EXTRACTED INFORMATION:

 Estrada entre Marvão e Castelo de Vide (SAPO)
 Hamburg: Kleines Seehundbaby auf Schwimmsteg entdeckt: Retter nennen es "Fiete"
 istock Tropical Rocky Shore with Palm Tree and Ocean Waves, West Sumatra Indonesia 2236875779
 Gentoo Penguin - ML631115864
* * *
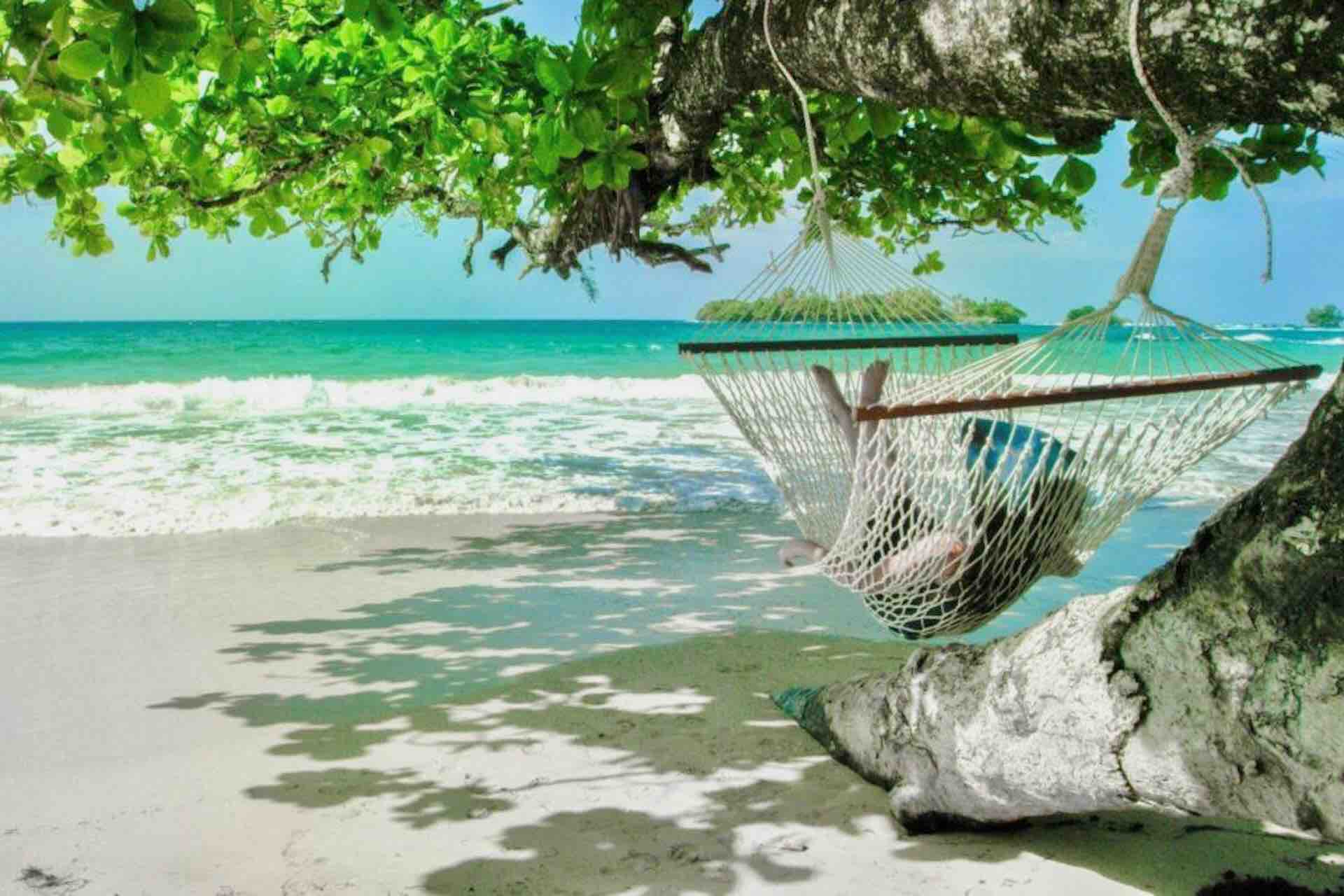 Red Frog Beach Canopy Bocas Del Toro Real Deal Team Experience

YOUR TASK:
Could you repeat exactly the lines above from the line with "istock Tropical Rocky" up to and including the line with "Gentoo Penguin - ML631115864", and only those?

ANSWER AREA:
 istock Tropical Rocky Shore with Palm Tree and Ocean Waves, West Sumatra Indonesia 2236875779
 Gentoo Penguin - ML631115864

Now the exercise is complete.